*Supplied material*:
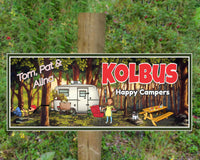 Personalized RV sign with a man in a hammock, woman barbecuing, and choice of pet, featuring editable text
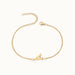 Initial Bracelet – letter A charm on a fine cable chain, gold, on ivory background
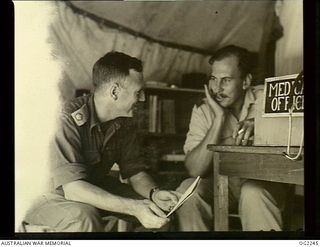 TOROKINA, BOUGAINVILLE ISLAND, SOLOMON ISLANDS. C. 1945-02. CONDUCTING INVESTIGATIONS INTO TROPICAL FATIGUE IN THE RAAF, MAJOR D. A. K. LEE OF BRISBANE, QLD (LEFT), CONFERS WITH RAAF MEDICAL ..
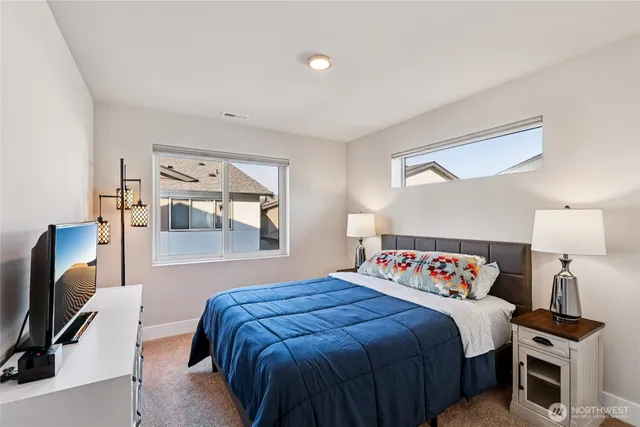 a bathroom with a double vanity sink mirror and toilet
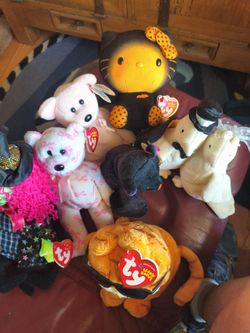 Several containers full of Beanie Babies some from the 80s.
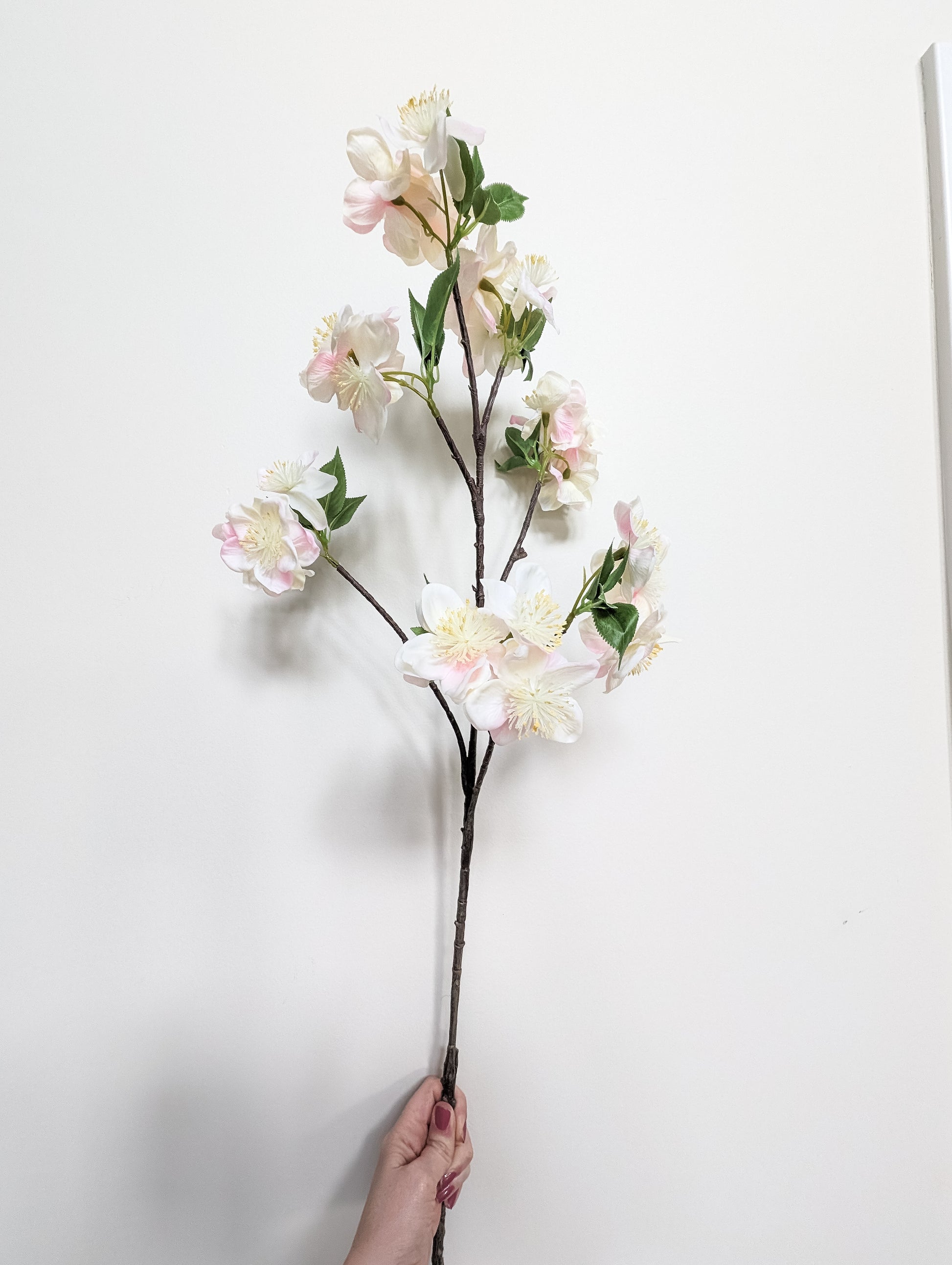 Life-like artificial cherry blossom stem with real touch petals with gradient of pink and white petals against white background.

--

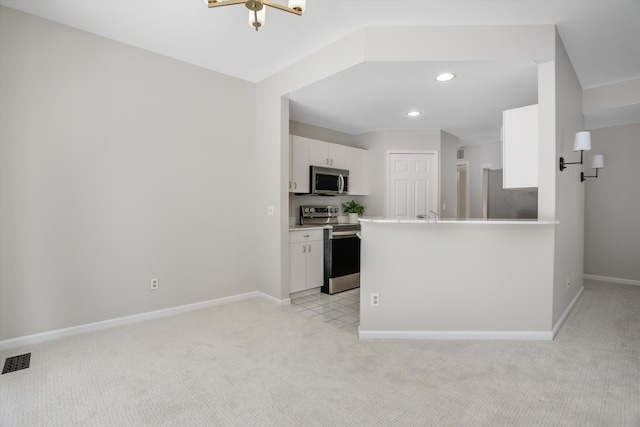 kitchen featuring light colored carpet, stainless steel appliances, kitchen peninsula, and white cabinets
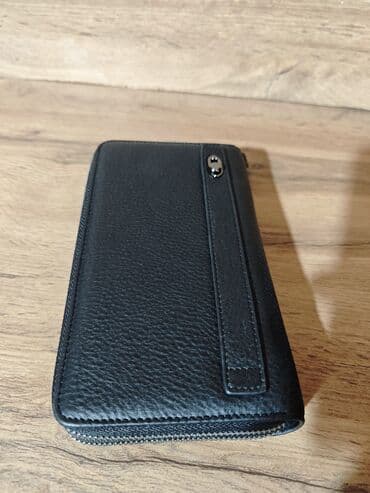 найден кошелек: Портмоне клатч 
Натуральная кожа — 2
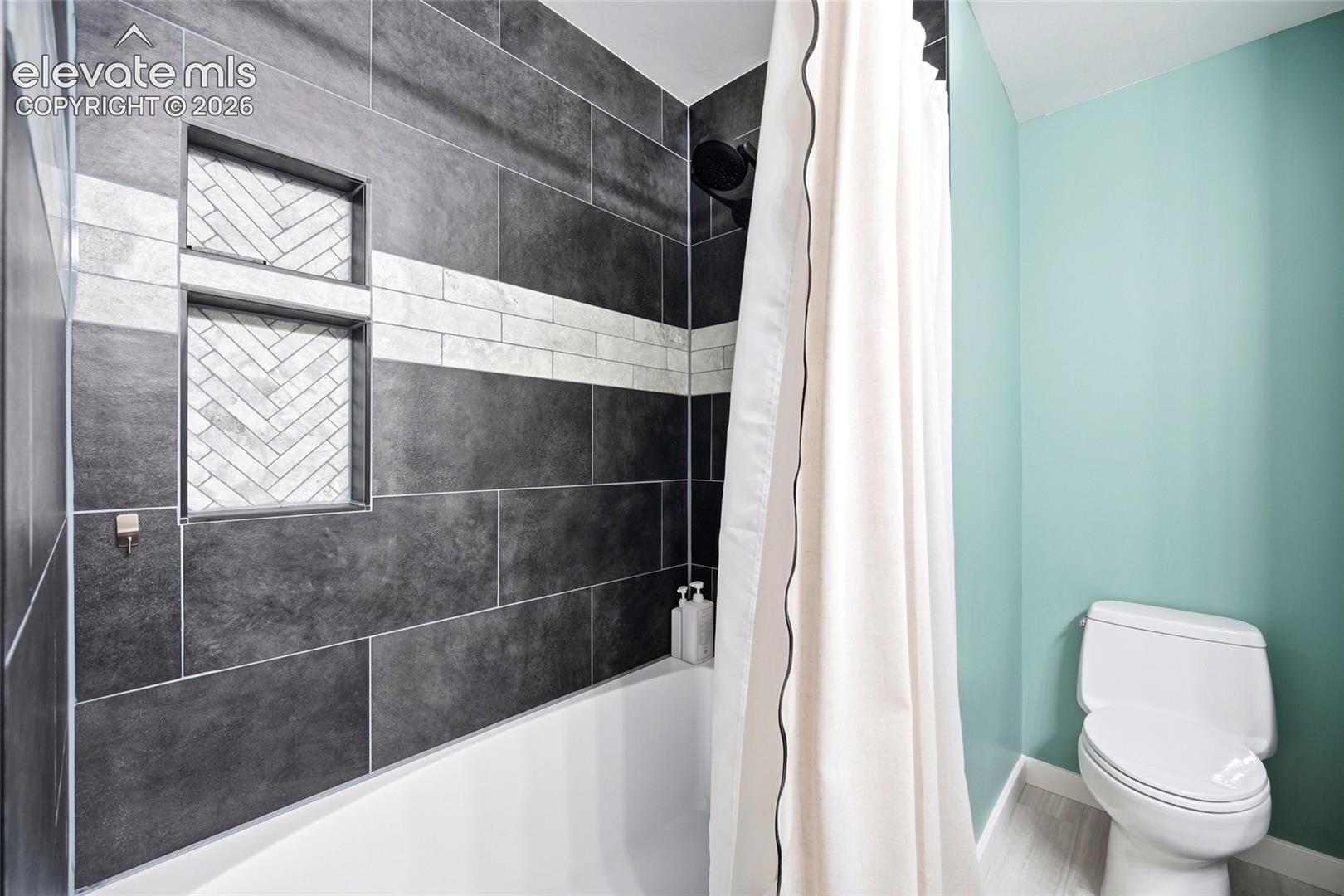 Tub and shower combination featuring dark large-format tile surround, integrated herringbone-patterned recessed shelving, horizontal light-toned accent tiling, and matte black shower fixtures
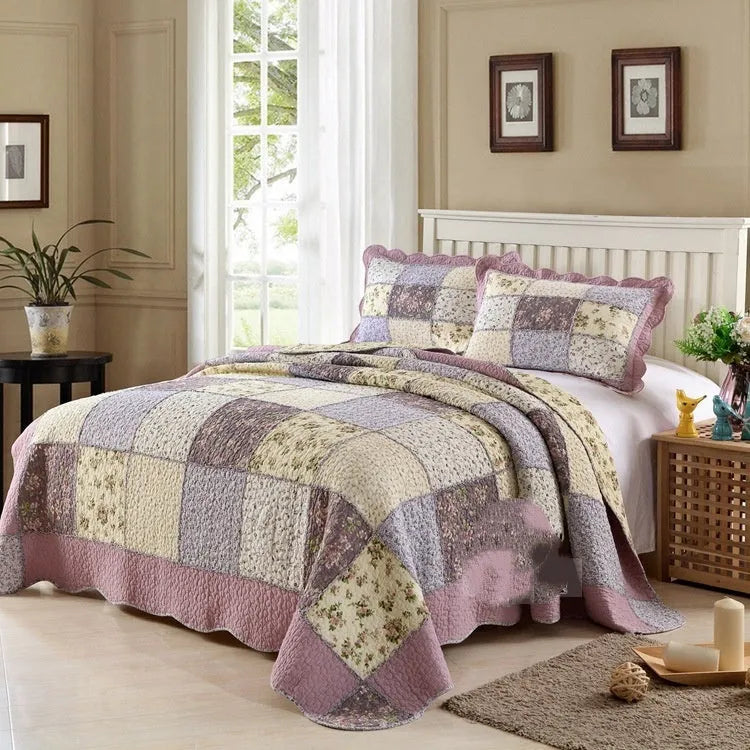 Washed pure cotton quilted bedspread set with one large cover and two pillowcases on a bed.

*What to produce*: From the data above, return only the lines starting at the line that holds "Personalized RV sign" and ending at the line that holds "TOROKINA, BOUGAINVILLE ISLAND, SOLOMON", word for word and without pictures.

*Response*:
 Personalized RV sign with a man in a hammock, woman barbecuing, and choice of pet, featuring editable text
 Initial Bracelet – letter A charm on a fine cable chain, gold, on ivory background
 TOROKINA, BOUGAINVILLE ISLAND, SOLOMON ISLANDS. C. 1945-02. CONDUCTING INVESTIGATIONS INTO TROPICAL FATIGUE IN THE RAAF, MAJOR D. A. K. LEE OF BRISBANE, QLD (LEFT), CONFERS WITH RAAF MEDICAL ..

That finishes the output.